The problem
The data below holds a line containing "Guillermo Alejandro y" and a line containing "EA7 Spodnie |"; please quote exactly those two lines and every line between them, and nothing else.

Dataset items
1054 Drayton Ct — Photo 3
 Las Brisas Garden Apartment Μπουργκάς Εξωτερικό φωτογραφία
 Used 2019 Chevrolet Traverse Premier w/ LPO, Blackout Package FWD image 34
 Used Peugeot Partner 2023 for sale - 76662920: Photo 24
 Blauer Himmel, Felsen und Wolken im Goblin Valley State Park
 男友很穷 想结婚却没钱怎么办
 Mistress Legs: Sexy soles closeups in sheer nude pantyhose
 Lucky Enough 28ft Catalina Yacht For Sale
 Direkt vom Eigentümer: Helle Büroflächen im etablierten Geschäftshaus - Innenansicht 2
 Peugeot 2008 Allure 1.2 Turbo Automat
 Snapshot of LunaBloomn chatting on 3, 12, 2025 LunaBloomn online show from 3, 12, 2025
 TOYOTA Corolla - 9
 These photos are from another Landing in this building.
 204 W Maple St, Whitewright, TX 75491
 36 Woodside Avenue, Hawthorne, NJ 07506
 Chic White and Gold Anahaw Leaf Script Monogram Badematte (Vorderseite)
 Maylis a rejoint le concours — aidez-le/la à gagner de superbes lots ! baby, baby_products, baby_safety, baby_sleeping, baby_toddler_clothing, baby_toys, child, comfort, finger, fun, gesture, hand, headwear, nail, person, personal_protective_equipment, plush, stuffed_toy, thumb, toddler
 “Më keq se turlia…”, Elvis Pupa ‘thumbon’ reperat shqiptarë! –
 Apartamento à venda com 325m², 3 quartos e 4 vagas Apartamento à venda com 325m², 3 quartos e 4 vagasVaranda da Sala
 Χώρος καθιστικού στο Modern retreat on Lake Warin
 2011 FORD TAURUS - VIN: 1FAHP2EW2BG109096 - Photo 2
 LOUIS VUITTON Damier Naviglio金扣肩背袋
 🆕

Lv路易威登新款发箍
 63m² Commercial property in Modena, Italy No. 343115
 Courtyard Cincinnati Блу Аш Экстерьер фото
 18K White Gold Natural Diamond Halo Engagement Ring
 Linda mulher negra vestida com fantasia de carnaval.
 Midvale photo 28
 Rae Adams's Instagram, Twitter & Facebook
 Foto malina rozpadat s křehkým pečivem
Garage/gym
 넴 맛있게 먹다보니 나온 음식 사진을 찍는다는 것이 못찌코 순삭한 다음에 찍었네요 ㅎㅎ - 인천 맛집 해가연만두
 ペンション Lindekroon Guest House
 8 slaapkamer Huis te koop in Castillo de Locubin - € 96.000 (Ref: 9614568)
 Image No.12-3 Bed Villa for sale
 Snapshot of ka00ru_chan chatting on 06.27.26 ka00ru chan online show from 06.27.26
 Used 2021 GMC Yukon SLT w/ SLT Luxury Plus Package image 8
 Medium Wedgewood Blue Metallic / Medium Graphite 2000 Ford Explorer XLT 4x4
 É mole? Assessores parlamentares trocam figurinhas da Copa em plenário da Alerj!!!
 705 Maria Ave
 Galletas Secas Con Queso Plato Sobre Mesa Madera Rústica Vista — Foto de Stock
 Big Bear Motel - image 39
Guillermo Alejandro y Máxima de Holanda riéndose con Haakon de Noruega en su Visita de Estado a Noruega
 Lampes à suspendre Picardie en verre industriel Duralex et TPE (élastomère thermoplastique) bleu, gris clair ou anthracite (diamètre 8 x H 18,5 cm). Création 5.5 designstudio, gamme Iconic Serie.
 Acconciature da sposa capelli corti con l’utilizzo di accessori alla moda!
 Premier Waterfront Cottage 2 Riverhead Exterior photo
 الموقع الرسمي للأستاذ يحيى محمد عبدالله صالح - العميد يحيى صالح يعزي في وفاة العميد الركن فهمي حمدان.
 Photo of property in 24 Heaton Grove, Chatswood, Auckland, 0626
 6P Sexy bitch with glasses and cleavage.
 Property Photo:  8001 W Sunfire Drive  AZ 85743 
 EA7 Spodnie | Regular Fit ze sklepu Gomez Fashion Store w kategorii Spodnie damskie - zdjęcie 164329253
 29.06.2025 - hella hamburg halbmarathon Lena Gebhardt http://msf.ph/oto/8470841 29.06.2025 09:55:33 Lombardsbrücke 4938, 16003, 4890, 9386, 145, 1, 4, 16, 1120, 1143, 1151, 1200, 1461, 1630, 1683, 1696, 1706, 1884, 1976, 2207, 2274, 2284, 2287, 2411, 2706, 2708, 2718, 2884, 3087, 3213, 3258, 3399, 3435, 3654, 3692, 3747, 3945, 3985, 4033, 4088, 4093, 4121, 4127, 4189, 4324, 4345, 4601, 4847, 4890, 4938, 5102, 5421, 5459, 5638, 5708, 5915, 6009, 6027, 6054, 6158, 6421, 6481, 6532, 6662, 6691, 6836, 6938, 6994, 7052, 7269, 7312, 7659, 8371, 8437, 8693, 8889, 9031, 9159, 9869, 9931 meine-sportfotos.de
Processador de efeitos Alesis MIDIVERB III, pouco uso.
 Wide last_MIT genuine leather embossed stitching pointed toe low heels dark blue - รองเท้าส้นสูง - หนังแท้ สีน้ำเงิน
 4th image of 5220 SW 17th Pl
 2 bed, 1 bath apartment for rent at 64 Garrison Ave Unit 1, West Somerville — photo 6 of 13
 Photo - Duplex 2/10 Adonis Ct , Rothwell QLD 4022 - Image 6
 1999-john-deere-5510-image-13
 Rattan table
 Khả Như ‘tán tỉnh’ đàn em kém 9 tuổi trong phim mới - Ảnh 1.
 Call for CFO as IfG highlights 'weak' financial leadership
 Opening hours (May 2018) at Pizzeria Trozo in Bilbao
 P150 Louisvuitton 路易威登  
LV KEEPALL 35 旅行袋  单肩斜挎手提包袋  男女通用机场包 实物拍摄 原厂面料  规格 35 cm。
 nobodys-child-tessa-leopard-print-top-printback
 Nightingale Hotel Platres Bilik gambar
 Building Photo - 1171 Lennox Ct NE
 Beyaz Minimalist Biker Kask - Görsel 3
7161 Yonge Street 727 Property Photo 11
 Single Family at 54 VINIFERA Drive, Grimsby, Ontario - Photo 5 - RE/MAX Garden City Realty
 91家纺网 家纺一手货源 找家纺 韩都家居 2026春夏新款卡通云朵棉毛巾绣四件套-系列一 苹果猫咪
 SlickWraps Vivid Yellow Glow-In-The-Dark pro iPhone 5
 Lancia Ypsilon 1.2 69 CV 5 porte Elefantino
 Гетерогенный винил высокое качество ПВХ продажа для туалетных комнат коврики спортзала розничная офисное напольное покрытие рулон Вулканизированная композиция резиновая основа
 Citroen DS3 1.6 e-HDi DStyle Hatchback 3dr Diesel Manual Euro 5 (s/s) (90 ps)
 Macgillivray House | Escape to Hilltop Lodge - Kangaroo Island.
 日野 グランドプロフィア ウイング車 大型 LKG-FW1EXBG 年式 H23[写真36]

Task response
Guillermo Alejandro y Máxima de Holanda riéndose con Haakon de Noruega en su Visita de Estado a Noruega
 Lampes à suspendre Picardie en verre industriel Duralex et TPE (élastomère thermoplastique) bleu, gris clair ou anthracite (diamètre 8 x H 18,5 cm). Création 5.5 designstudio, gamme Iconic Serie.
 Acconciature da sposa capelli corti con l’utilizzo di accessori alla moda!
 Premier Waterfront Cottage 2 Riverhead Exterior photo
 الموقع الرسمي للأستاذ يحيى محمد عبدالله صالح - العميد يحيى صالح يعزي في وفاة العميد الركن فهمي حمدان.
 Photo of property in 24 Heaton Grove, Chatswood, Auckland, 0626
 6P Sexy bitch with glasses and cleavage.
 Property Photo:  8001 W Sunfire Drive  AZ 85743 
 EA7 Spodnie | Regular Fit ze sklepu Gomez Fashion Store w kategorii Spodnie damskie - zdjęcie 164329253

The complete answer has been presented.